Wednesday, 26 October 2016

Air monitoring workshop - find out how dusty Deptford's air is

The Citizen Sense initiative at Goldsmiths is launching a new type of air pollution monitor at a free workshop in Deptford this weekend.

The new 'Dustbox' measures particulate matter in the air, which is very different from the previous citizen science monitoring that was carried out in Deptford back in 2014 and revealed shocking levels of nitrous dioxide at traffic hotspots around the area. Particulate matter consists of a wide range of materials, from salt and silica to diesel, pollen, and carbon - at times congealed with volatile organic compounds.

At the workshop at the Deptford Lounge this weekend, participants will discuss air quality in London, and look at low-cost technologies that they can use to monitor their environments. They will be introduced to the Dustbox particulate matter 2.5 monitor, which also be available for participants to take away after the workshop.

The event also includes a walk in Deptford to look at sites for air quality monitoring and will be led by Jennifer Gabrys, Helen Pritchard and Lara Houston of Citizen Sense. Guest speakers include: Leonie Cooper, who is a councillor for Furzedown Ward in Wandsworth, the Labour London Assembly for Merton & Wandsworth, as well as chair of the environment committee; Abigail Whitehouse, clinical research fellow at the Blizard Institute, Queen Mary University of London and  Ana Bernardo, who is project assistant at the London Sustainability Exchange.

The event is free but tickets must be booked - more information available here.

Sunday, 23 October 2016

Deptford carriage ramp now open - most of the way

The public realm on the old carriage ramp in front of the Deptford Project was finally unveiled last week - give or take a bit of snagging - and I was keen to explore and see what I thought about it. We've had a preview of what to expect ever since the area outside the station entrance was open to the public, with bins added after a fair bit of moaning about litter levels by the new businesses and yours truly.

It seems the litter problem is still not fully resolved - all three of the bins at ground level were full to overflowing on the first Saturday morning with presumably no prospect of them being emptied ahead of the busiest day for local businesses. Added to that when I did my rounds it seemed some of the new occupants were not fully buying-in to the clean and tidy theme of the forecourt.

Other than the three bins already mentioned - two on the approach to the station and one around the back of the new route, halfway along the carriage-ramp units - bins are notably absent from the whole of the remaining public realm. Either that's going to have to be resolved promptly, or it's going to need daily sweeping.

Currently the route through to the market is blocked off - no obvious reason why as the anti-cycling barriers are already in place and it all looks like it should be finished. 

There's not much greenery at the lower level aside from the planting right outside the station, and this pocket-handkerchief-sized bed seems a little out of place tucked alongside the extension to the back of St Paul's House. 

The two smallest arches of the ramp are open to provide access through to Octavius Street, although one of them is currently occupied by a plastic portaloo, presumably because the facilities that were promised for tenants of the units are yet to be finished.

Approaching from the high street along the ramp you get a good view across Douglas Square which has the potential to be a great people-watching spot when the market is on - and perhaps for observing the street drinker shenanigans and kids on bikes when it's not. 

Further up the ramp there's quite a few seats for those wanting somewhere to eat their lunch or drink a can of pop or something stronger.
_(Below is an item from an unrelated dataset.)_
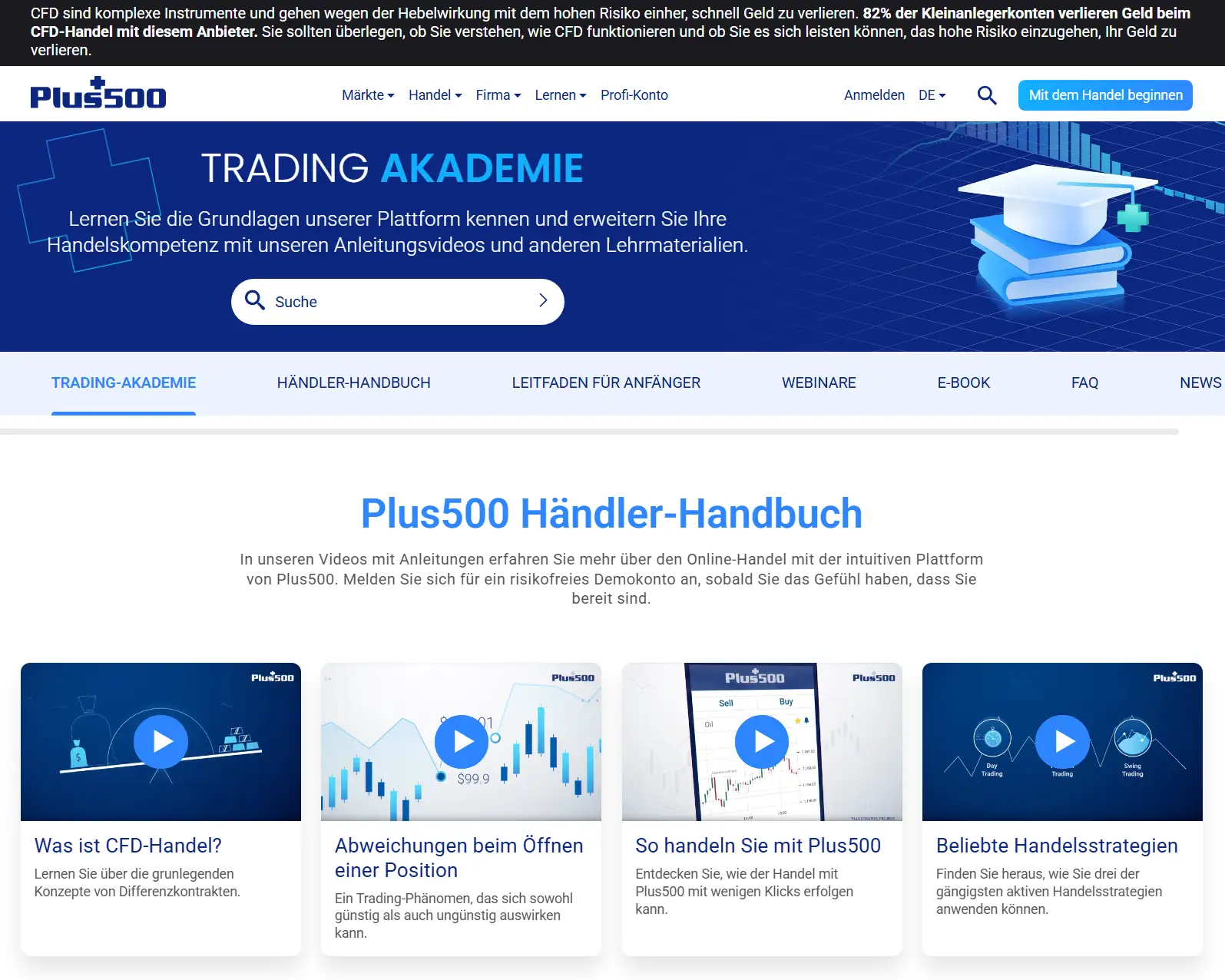 Trading-Akademie von Plus500 im Test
Sadly none of them are located in the best place for views.  There's two seats at the lower end that face out across the new public realm towards the extension on the back of St Paul's House, but the remainder all face away from the action, pointing directly at the new block itself. I'm somewhat puzzled as to the reason for this, perhaps it's more about 'managing' the use of this space rather than giving visitors a good view. 

Planters are made with weathering steel which means that they match nicely with the wooden benches. A couple of them have these huge hydrants sticking out of them which look totally out of place and rather ruin any effort to have everything matching and harmonious. I guess the landscape architects didn't have any say on this one, they just had to incorporate whatever the safety engineers specified.

The paving of the public realm is generally pretty good quality and the materials chosen look good. I'm hoping this will last beyond the first year or so before developing sunken potholes from bad construction or getting stained beyond recognition as a result of poor maintenance, like the stuff on the high street.

However it's unlikely to suffer wear and tear any time soon as there's currently little purpose for anyone to use the ramp. None of the commercial units at the upper ramp level is open yet - and with only one future tenant officially announced so far it seems like it could be a while before this changes.

You can't even use the ramp for its original purpose - to get to the station platform - because the ugly gates are firmly locked and there's been no attempt to maintain the top of the ramp in any case.

I seem to recall that the gates won't be open for public use until someone (presumably the developer) coughs up to have Oyster card readers installed. A ticket machine at the upper platform level would also be sensible, given that there's only one, alongside a ticket office with some of the shortest opening hours in the London area; apparently Southeastern is rolling out a whole load of new ticket machines but as yet there's no word whether that includes a second machine for Deptford.

Perhaps if tenants are found for the commercial units they'll be able to do some agitating as regards the access arrangements; until then, the ramp will remain something of a white elephant.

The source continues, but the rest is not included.